━━ Listed entries

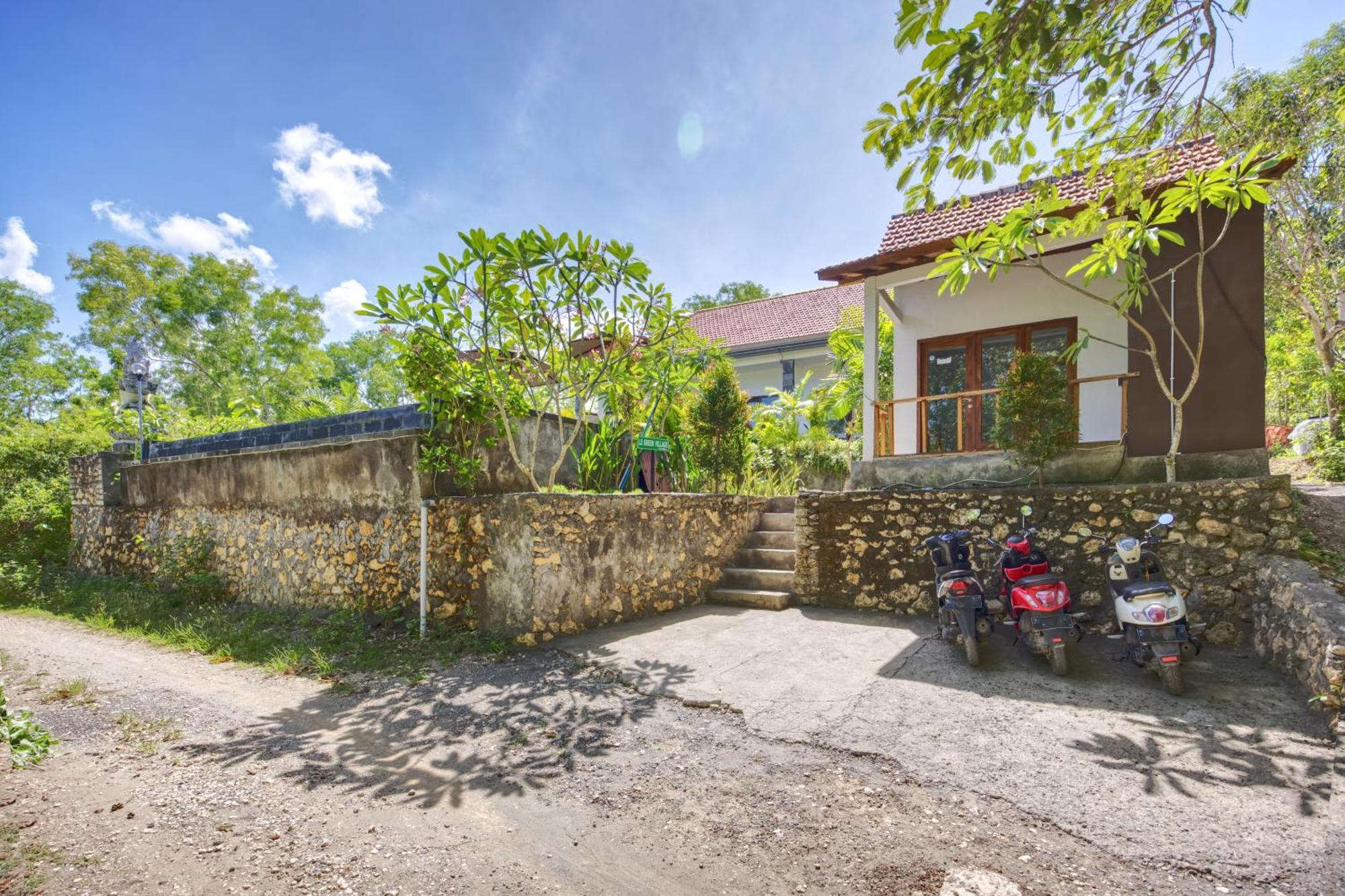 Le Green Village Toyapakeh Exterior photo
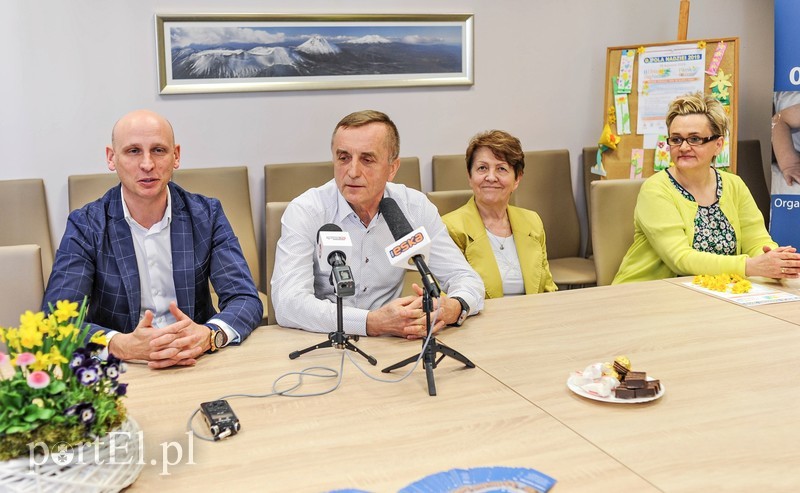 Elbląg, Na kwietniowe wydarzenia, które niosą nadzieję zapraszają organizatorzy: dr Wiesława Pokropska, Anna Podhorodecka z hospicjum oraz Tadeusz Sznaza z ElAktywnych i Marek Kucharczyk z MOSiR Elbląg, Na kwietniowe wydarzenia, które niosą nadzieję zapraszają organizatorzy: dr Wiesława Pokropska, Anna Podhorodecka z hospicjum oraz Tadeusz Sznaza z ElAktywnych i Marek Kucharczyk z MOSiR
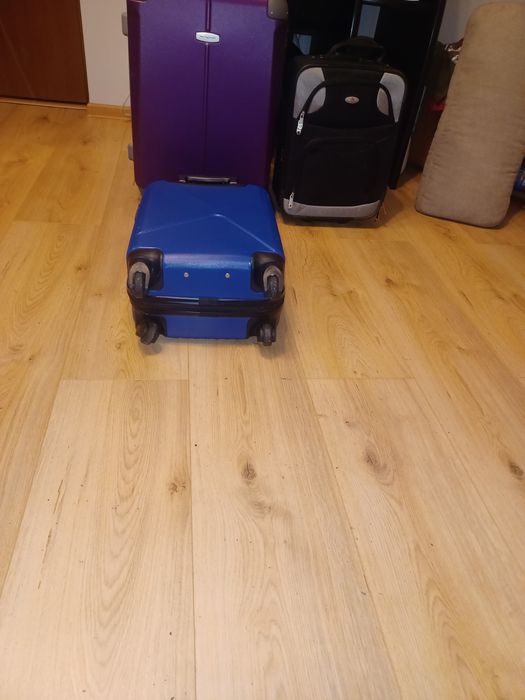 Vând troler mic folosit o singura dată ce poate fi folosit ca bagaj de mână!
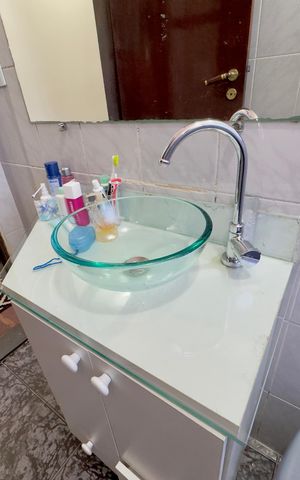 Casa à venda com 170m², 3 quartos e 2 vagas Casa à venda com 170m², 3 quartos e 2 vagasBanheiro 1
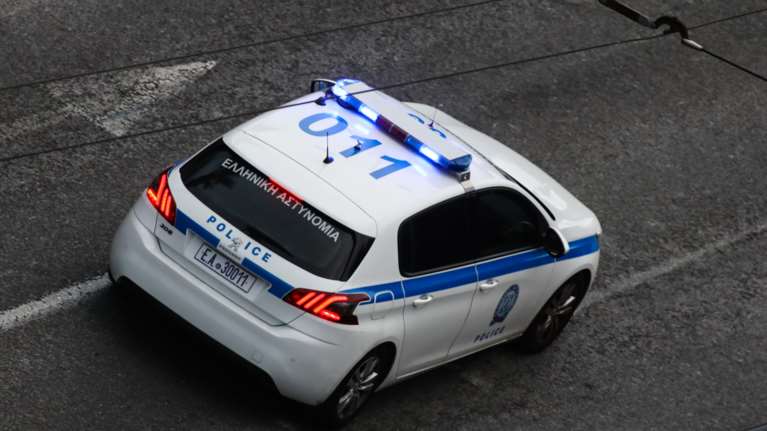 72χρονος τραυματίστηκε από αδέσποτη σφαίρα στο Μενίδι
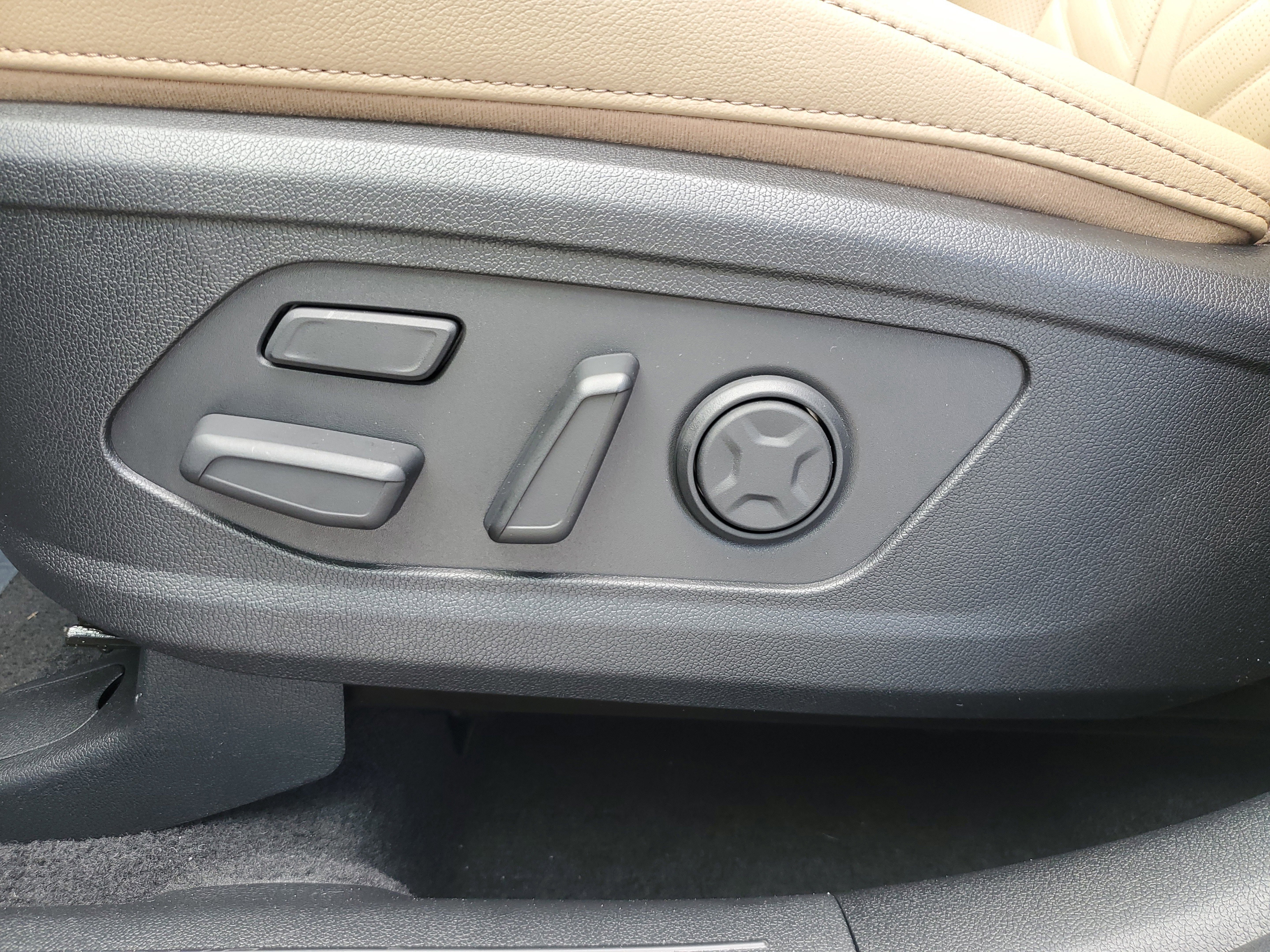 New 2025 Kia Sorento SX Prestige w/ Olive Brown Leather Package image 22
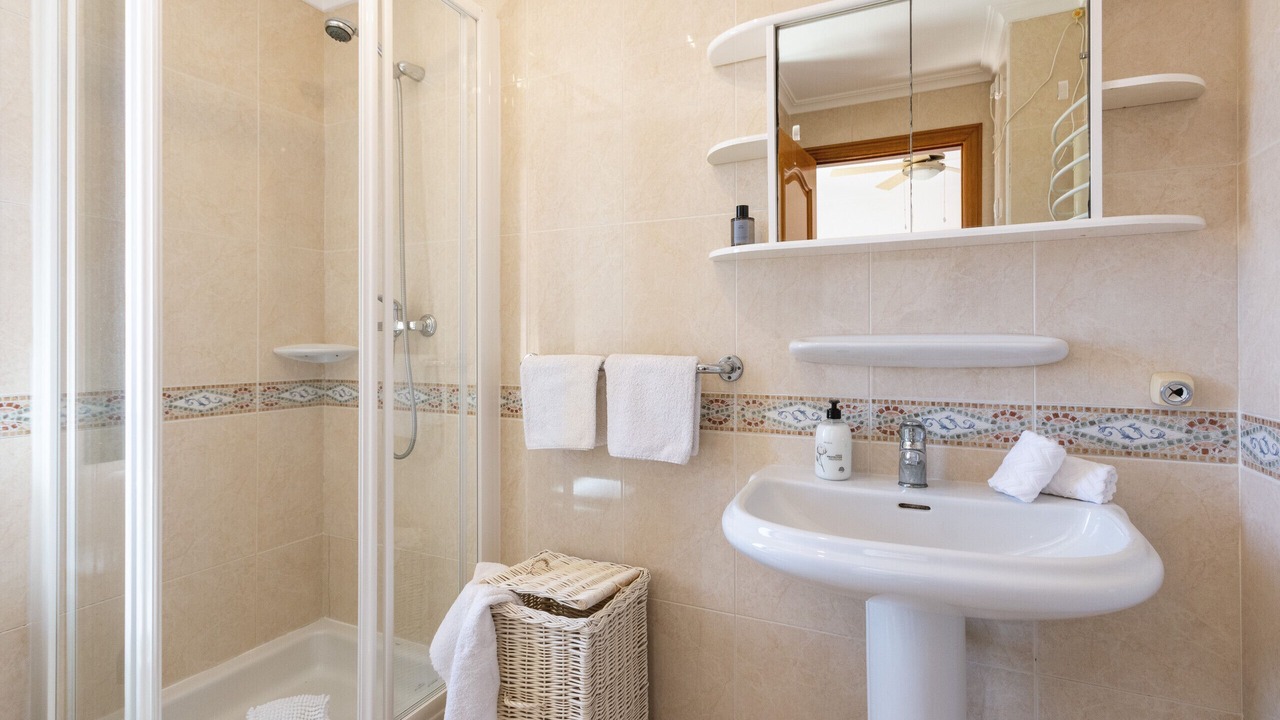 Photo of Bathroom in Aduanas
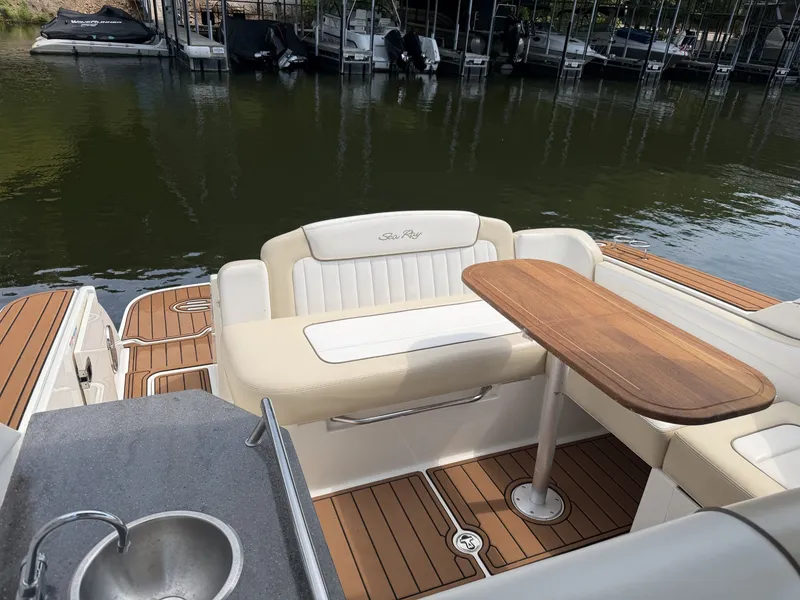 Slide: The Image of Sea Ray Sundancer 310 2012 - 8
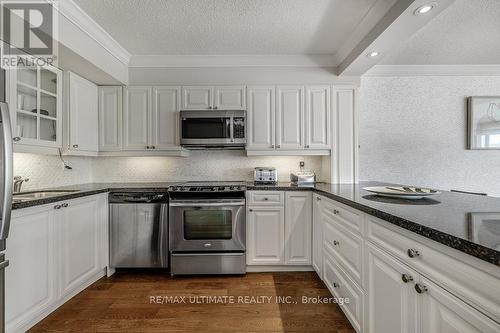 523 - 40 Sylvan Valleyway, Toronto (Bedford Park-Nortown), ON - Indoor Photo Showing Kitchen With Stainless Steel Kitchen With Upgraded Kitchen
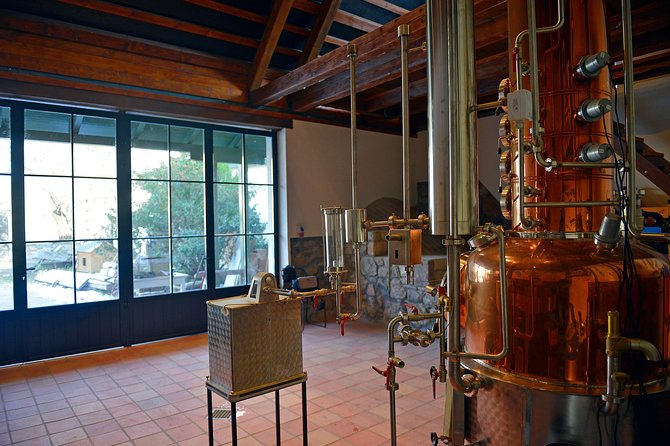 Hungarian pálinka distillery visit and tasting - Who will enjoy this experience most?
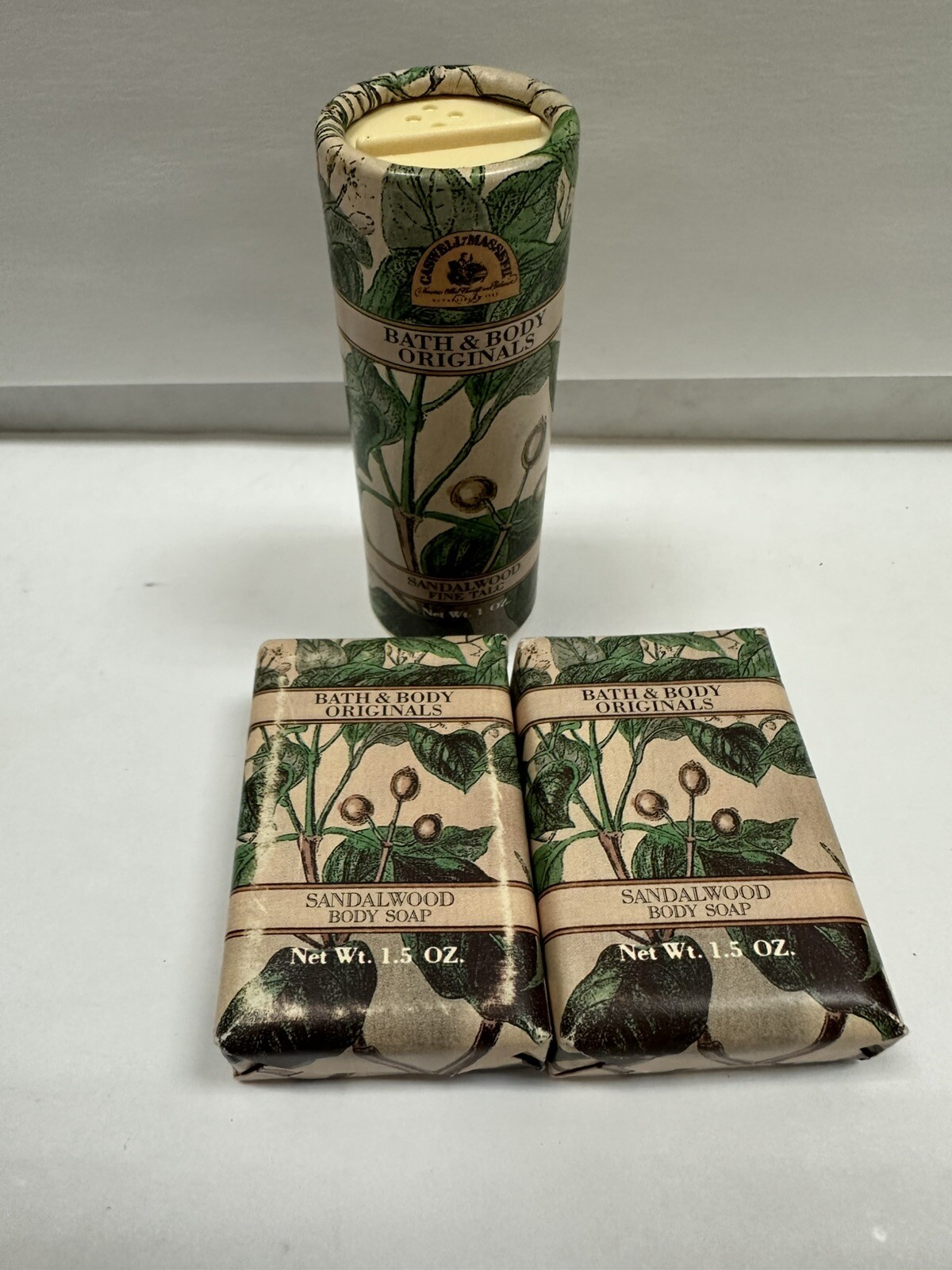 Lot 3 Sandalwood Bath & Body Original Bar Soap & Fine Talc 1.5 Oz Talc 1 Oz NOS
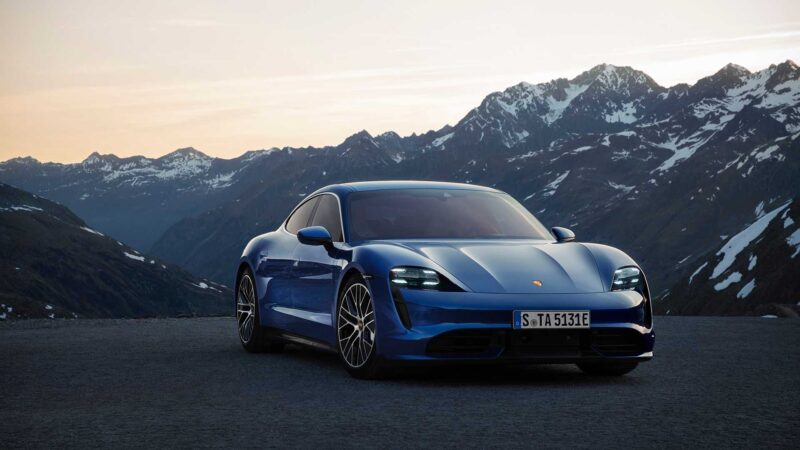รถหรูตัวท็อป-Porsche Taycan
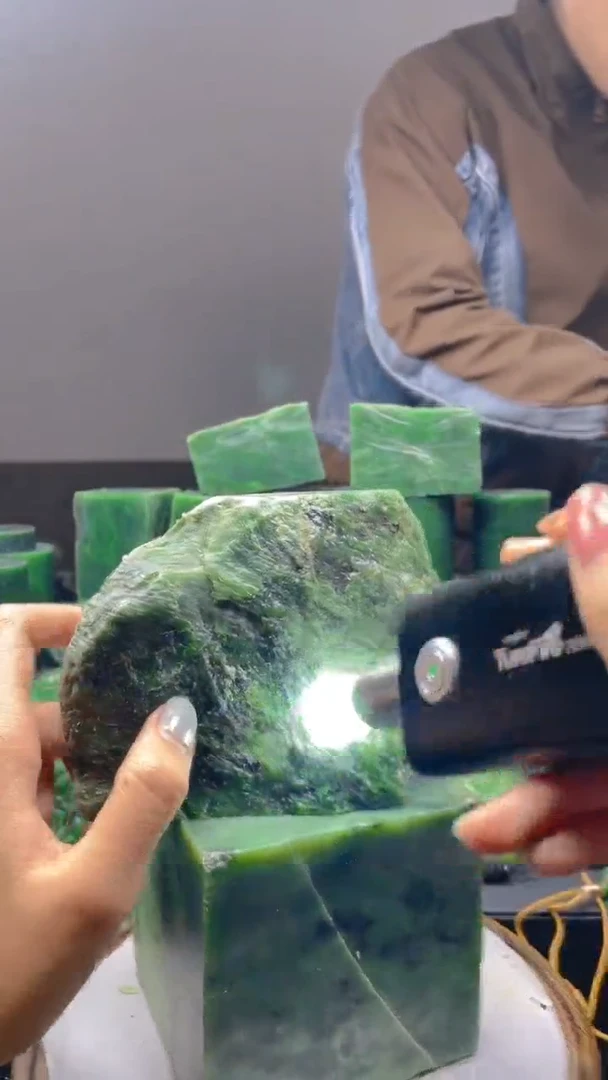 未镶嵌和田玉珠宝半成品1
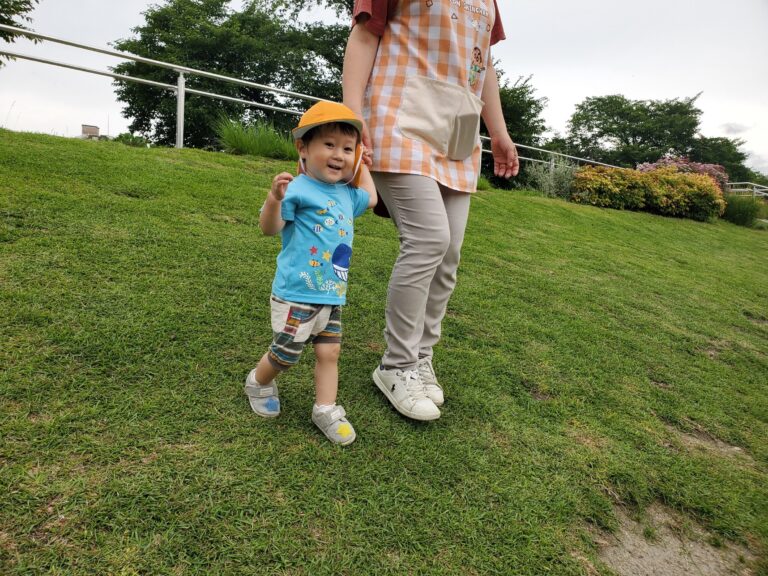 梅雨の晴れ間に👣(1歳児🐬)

━━━━

### How to complete this task
In the data above, find the line containing "MOSiR Elbląg, Na" and the line containing "72χρονος τραυματίστηκε από". Repeat those two lines and everything between them exactly, minus the pictures.

### Response below
 Elbląg, Na kwietniowe wydarzenia, które niosą nadzieję zapraszają organizatorzy: dr Wiesława Pokropska, Anna Podhorodecka z hospicjum oraz Tadeusz Sznaza z ElAktywnych i Marek Kucharczyk z MOSiR Elbląg, Na kwietniowe wydarzenia, które niosą nadzieję zapraszają organizatorzy: dr Wiesława Pokropska, Anna Podhorodecka z hospicjum oraz Tadeusz Sznaza z ElAktywnych i Marek Kucharczyk z MOSiR
 Vând troler mic folosit o singura dată ce poate fi folosit ca bagaj de mână!
 Casa à venda com 170m², 3 quartos e 2 vagas Casa à venda com 170m², 3 quartos e 2 vagasBanheiro 1
 72χρονος τραυματίστηκε από αδέσποτη σφαίρα στο Μενίδι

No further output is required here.